Things have come to a pretty pass
Our romance is growing flat,
For you like this and the other
While I go for this and that,
Goodness knows what the end will be
Oh I don’t know where I’m at
It looks as if we two will never be one
Something must be done:
You say either and I say either,
You say neither and I say neither
Either, either Neither, neither
Let’s call the whole thing off.
You like potato and I like potahto
You like tomato and I like tomahto
Potato, potahto, Tomato, tomahto.
Let’s call the whole thing off
The editors of The Economist think some adjustments need to be made to maintain the health of NATO:
NATO’s success holds lessons for the transatlantic relationship as a whole. To flourish in the future, it must not just survive Mr Trump, but change every bit as boldly as it has in the past.
First, this means building on its strengths, not undermining them: removing trade barriers rather than lapsing into tariff wars, for example. Mr Trump is right to badger his allies to live up to their defence-spending promises. But he is quite wrong to think of charging them cost-plus-50% for hosting American bases, as he is said to be contemplating. Such matters should not be treated like a “New York real-estate deal”, a former vice-president, Dick Cheney, told the current one, Mike Pence, last week. Those European bases help America project power across the world (see article).

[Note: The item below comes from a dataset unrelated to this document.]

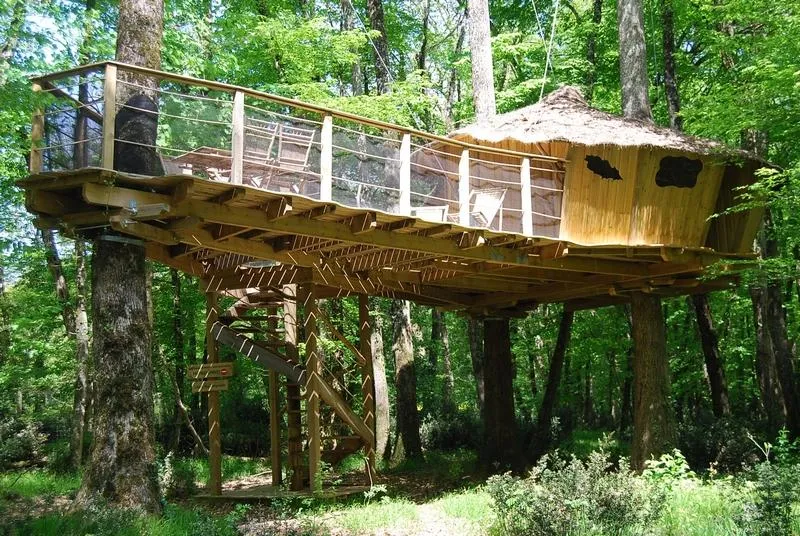 Cabane des Chimpanzés à Magné, photo 2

Second, realism should replace nostalgia. Europeans should not fool themselves that America’s next president will simply turn the clock back. Instead, to make themselves useful to America, Europeans need to become less dependent on it. For instance, in defence, they have taken only baby steps towards plugging big gaps in their capabilities and avoiding wasteful duplication. Their efforts should extend beyond the eu, whose members after Brexit will account for only 20% of NATO countries’ defence spending.

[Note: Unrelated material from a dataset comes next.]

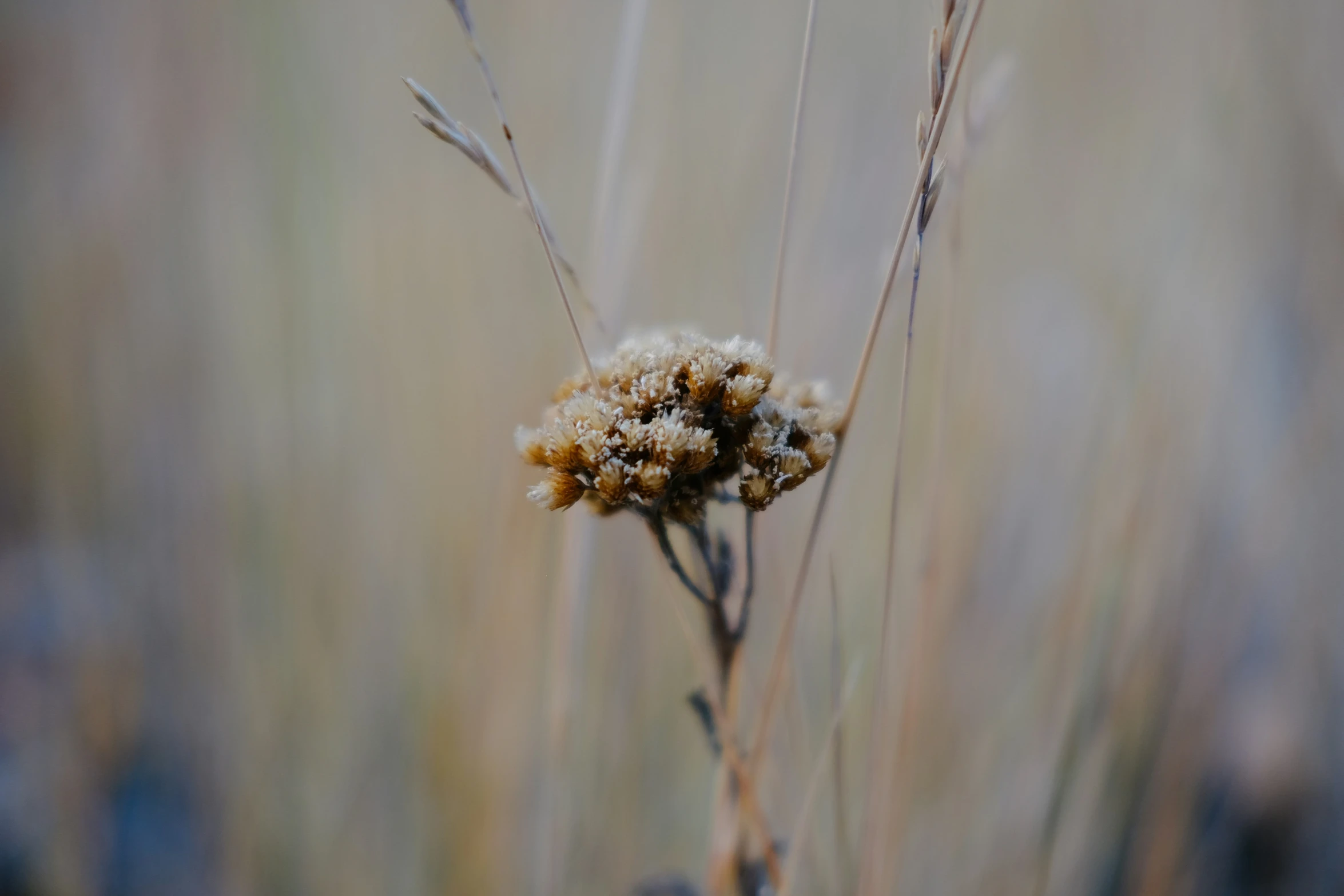the small, fluffy flowers are in a dried field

A more capable Europe would help with the third and biggest change: adjusting to China’s rise. America’s focus will increasingly be on the rival superpower. Already China’s influence is making itself felt on the alliance, from the nuclear balance to the security implications of, say, Germany buying 5g kit from Huawei or Italy getting involved in the infrastructure projects of the Belt and Road Initiative. Yet the allies have barely begun to think seriously about all this. A new paper from the European Commission that sees China as a “systemic rival” is at least a start.
That is fanciful to the point of being delusional. Some changes need to be made but most of them will need to be made by the countries of Europe.
First, NATO is a military alliance—a mutual defense pact. At present the defense of the “new” NATO countries—those that have become members since the original 12 members—is completely dependent on U. S. deterrence. That must end. That means that the European countries need to be able to defend Estonia, Latvia, and so on, soon to include Macedonia, from a land attack until the United States could arrive in force. We’re not going to maintain a million more soldiers in Europe. I would assume that would require the European countries to hold out for at least a week and probably more like a month. I feel confident in saying that would require them to spend more than 1.3% of GDP on defense. How much would it take? It might require them to spend a lot more than 2% until their militaries are up to the level that decades of inattention have produced.
Second, U. S. needs are different from European needs. As just two examples we’re not an ethnic country and we have a 1,500 mile land border with a country a quarter of ours. Our population is extremely diverse. Not only do we have more people of European descent than most European countries, we have more people of sub-Saharan African descent than most African countries do, and more people of Hispanic descent than most Latin American countries do. Neither we nor they should assess our performance by European standards.
Third, the biggest threat to NATO continued existence isn’t the U. S. It isn’t even Russia or China. It’s Germany. Example: the U. S. didn’t cause a flood of migrants from Turkey into Europe. Germany did.